In the United Kingdom, the Liverpool Care Pathway for the Dying Patient, a hospice-inspired strategy for appropriate medical care, is getting the “death panel” treatment, portrayed in some media as callously hastening patient deaths for economic and other reasons. In Canada, the Supreme Court will rule this spring on the authority of medical carers to decide when to remove a patient from life support. And in Rome, in words directed in part to legislators in Ireland, where a woman recently died from pregnancy complications after being denied an abortion at a Galway hospital, the pope has noted “with dismay that, in various countries, even those of Christian tradition, efforts are being made to introduce or expand legislation which decriminalises abortion.”
In the shadow of these evolving stories, and just two months removed from the narrow decision by Massachusetts voters not to make it legal for a physician to write a lethal prescription for a terminally ill patient, I came upon an instructive new study in the journal Palliative Medicine. The title: “Why do we want the right to die? A systematic review of the international literature on the views of patients, carers and the public on assisted dying.”
This study, led by Maggie Hendry and Diana Pasterfield of the North Wales Centre for Primary Care Research, is an impressive effort to get a sense of the range of values regarding assisted dying, in the form of physician-assisted suicide, euthanasia, or “accompanied suicide,” as practiced in Switzerland by Dignitas.
Some form of assisted dying is legally practiced in four European countries (The Netherlands, Belgium and Luxembourg, in addition to Switzerland), and three US states (Oregon, Washington and Montana).
Some proponents of legalizing physician-assisted suicide elsewhere in the United States anticipated Massachusetts as a bellwether, and the last-minute swing in support provided an interesting look at the pliability of attitudes. Polls just weeks before the November vote showed the measure supported by a significant majority. Was the reversal to a narrow defeat on Election Day indicative of how soft support or opposition can be on a question that puts life and choice into conflict?
The study of “right to die” attitudes found four themes in reasoning for and against: "concerns about poor quality of life,” “desire for a good quality of death,” “concerns about abuse if assisted dying were legalised,” and “importance of individual stance related to assisted dying.”
On the last theme, the authors wrote, “Some felt that only God should decide time of death. Others believed such decisions are morally wrong and could be equated with murder or interpreted the desire to hasten death as a sign of moral weakness.

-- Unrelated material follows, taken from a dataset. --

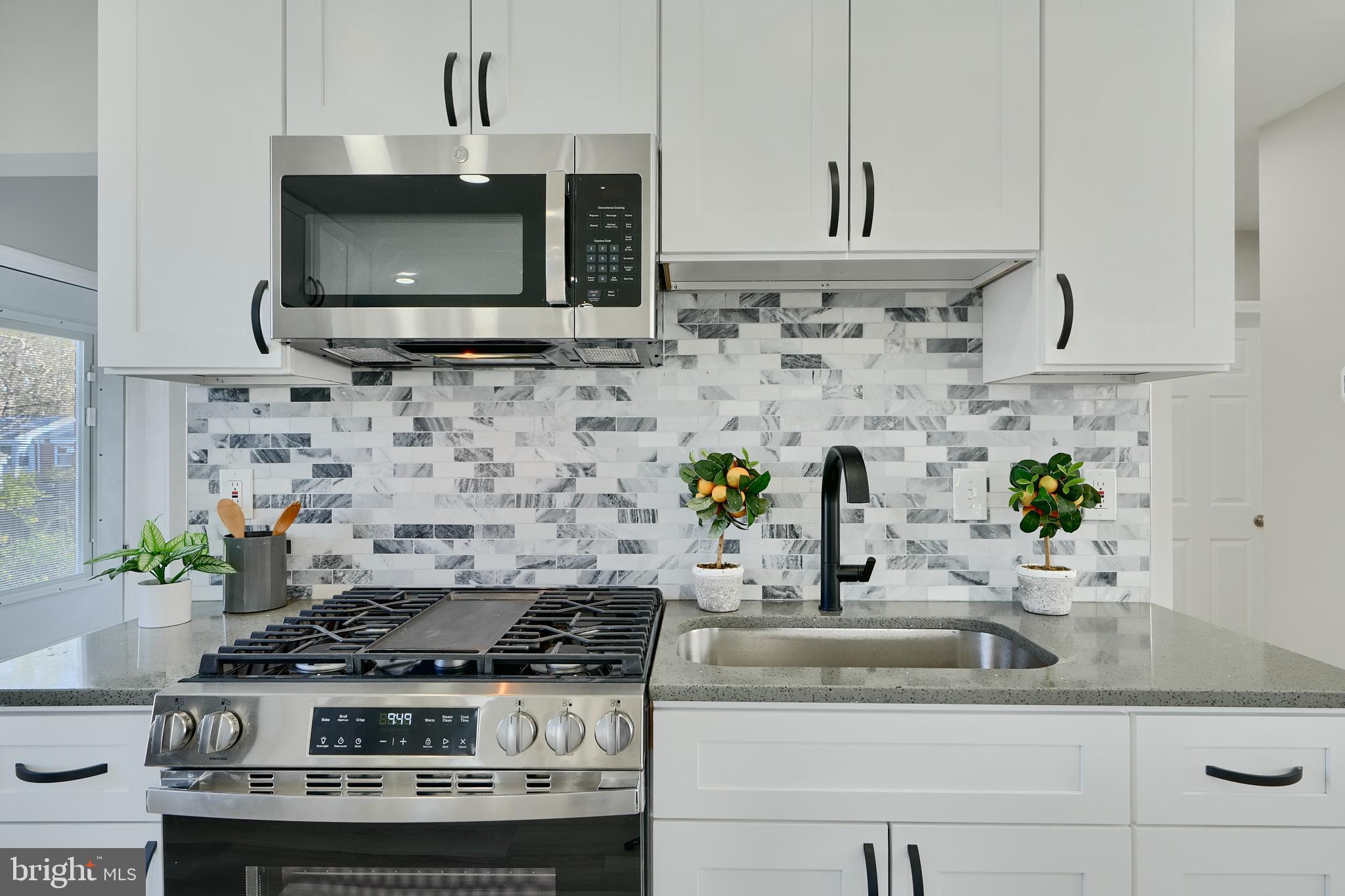 MOUNT WASHINGTON - Residential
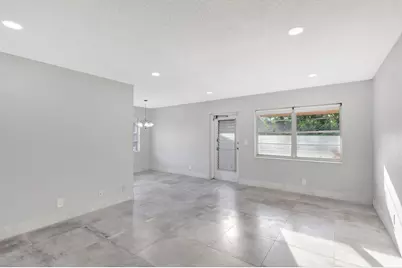 121 Bedford E, West Palm Beach, FL 33417 - Photo 4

Some people saw death as part of a natural process that should not be interfered with, whereas others argued assisted dying could be morally justified to relieve suffering.”
According to the study, “The heated exchange about legalisation or de-criminalisation shows no sign of diminishing. There is a dearth of high-quality, unbiased evidence about the collective views of people that such a change in law might affect, and no authentic picture of public opinion is available.”
The study underlines both the need for clear policy on assisted dying, and the challenge in achieving that. “Importantly," say the authors, "the dichotomy between the views of doctors and the general public needs to be urgently explored.”